Facebook has released a few stats on how social plug-ins and the “like” button are affecting traffic so far. Social publishing site Scribd, for example, now gets about 23,000 likes per day, up from 1,200 back in April, when the “like” button was originally launched.

Referral traffic, or the number of visitors that Facebook drives to a website from its domain, went up by 190 percent for ABC News and by 200 percent for TypePad. The National Hockey League (NHL) said video views and user registrations both went up by 50 percent when they implemented sharing tools, according to Osofsky.

In a presentation last night at KickLabs in San Francisco, he revealed a few tips on how to get higher click-through rates. “Like” buttons with photos of friends, for example get about four times as many clicks as “like” buttons without faces. Posts in the morning around 9 a.m. or at night around 8 p.m. also get more engagement.

“Touching” or “emotional stories” get two to three times as much engagement, or comments and “likes”, while a big sports game win attracts 1.5 times as much engagement than the average piece of content.

Media is fast becoming an important area for the social network. The news feed, long a place for friends to share personal photos and thoughts, is becoming more of a content discovery engine. Data on how users interact with everyday media content will inform Facebook’s understanding of people’s tastes, and in turn how the company targets ads. Facebook is also becoming more indifferent to whether its users spend time on its site or on other properties, so long as those sites are connected to the Facebook platform.

Beyond social plug-ins, there’s a great deal of potential to build social features directly into content management systems. (Imagine going to our blog, The Economist or the New Yorker and seeing a completely customized front-page layout influenced by your own personal tastes or interactions from friends.)

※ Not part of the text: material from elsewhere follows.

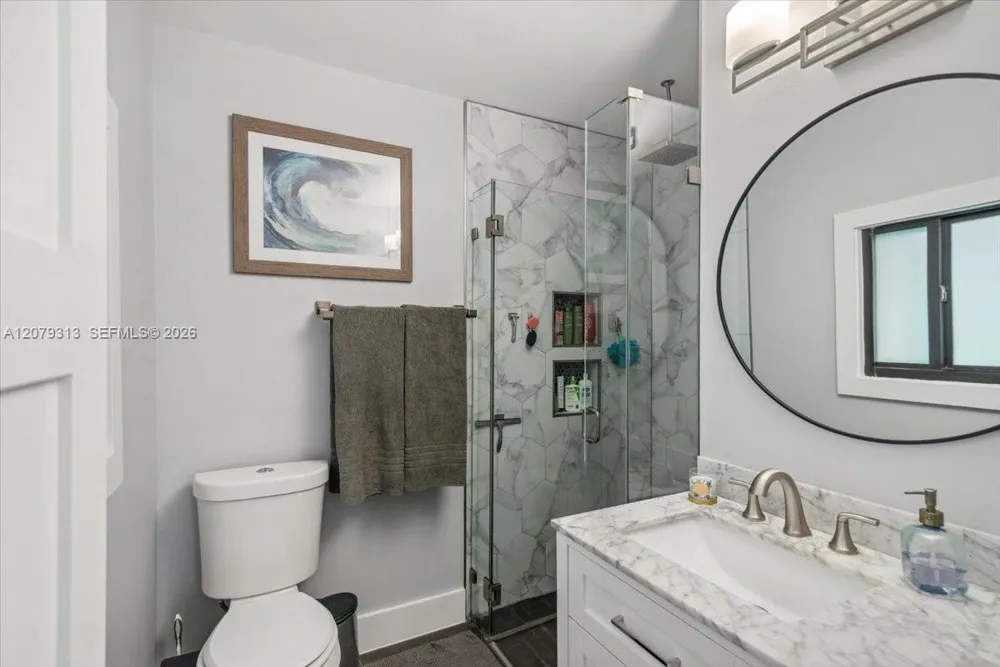 2434 Lincoln St Hollywood, FL 33020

There’s also compelling potential for revenue. Although the company doesn’t talk about it, an interesting strategy to pursue in a few years would be to build a widely distributed and highly personalized advertising network — a Facebook AdSense, if you will — on millions of media properties across the web. It might have higher click-through rates than display ads sold in-house or comparable advertising schemes from Google, because the ads would be highly personalized and informed by years of data on a person’s tastes. Facebook would also have powerful retargeting capabilities, or the ability to display ads from the same brand over and over to a consumer as they move across the web. The company has already established beachheads on more than 350,000 sites through the social plug-ins it launched in April.

Media publishers arguably have more in common with Facebook’s approach to advertising than Google’s. Both publishers and Facebook are primarily in the business of ads that generate demand — or ads that reach consumers early in the decision-making cycle. Google, in contrast, earns most of its revenue from ads near the point of purchase, which are more lucrative on a cost-per-click basis, but may be a smaller overall market opportunity.

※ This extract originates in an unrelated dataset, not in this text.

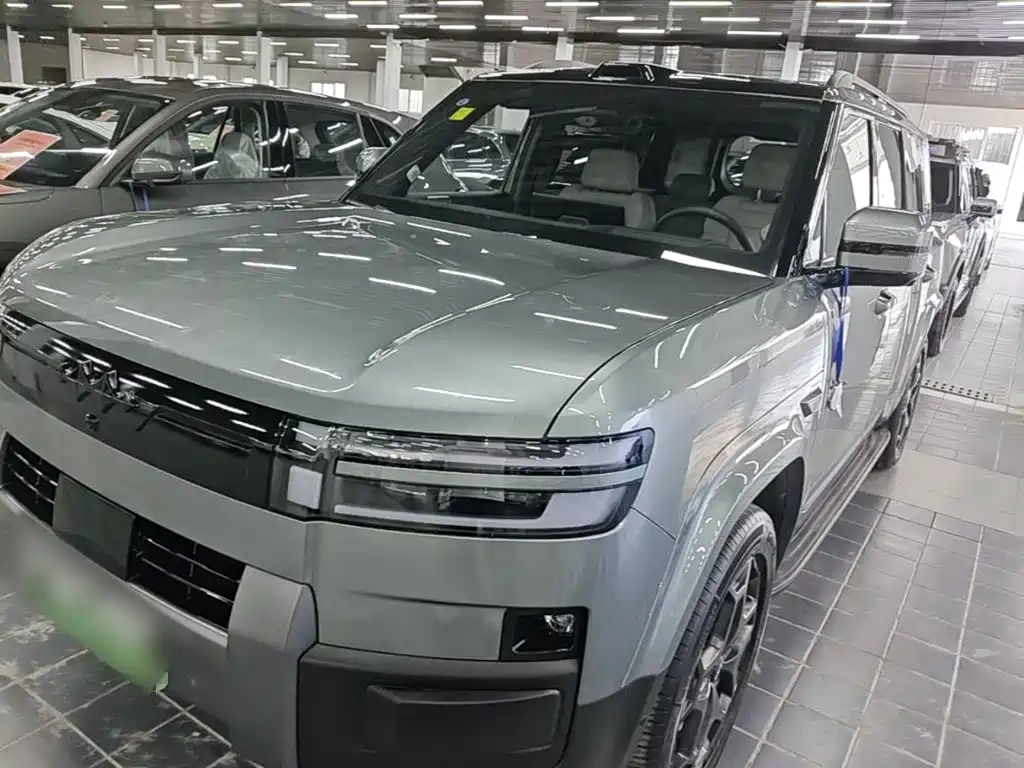 Fang Cheng Bao Titanium 7 2025 AWD Base Model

Osofsky said ads on external sites are not on Facebook’s plate right now. “We’re not thinking about advertising,” he said. “The opportunity is: if we drive more traffic to them, and if we make users more engaged and stay longer on their sites, they can monetize their own sites pretty well.”

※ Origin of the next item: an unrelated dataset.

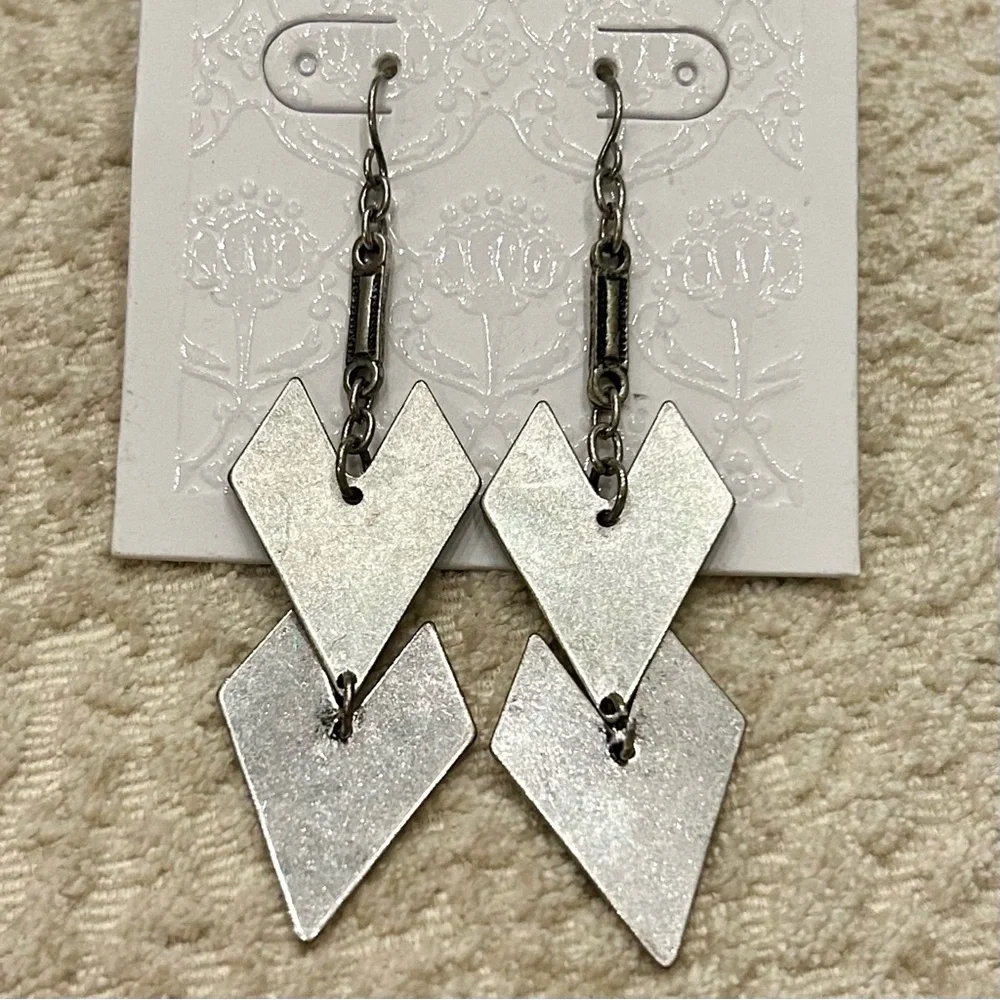 NWT Silver Geometric Linear Drop Earrings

He added, “We’re pretty pleased with the way advertising is working on Facebook.com already.”

Facebook still has a ways to go to catch up with its rival Twitter in media partnerships. Gigya reported that readers picked Twitter 45 percent of the time to connect, comment and log-in on media sites, while they chose Facebook log-ins 25 percent of the time.

That’s partly because of Twitter’s nature as a more public broadcast medium. But it’s also because Twitter has had a media partnerships strategy for at least a year, led by Chloe Sladden, who previously served as a vice president at Current, the cable media company cofounded by Al Gore. They now have three full-time people working on the effort.

This is one area where the rivalry between the two companies will be most fascinating to watch.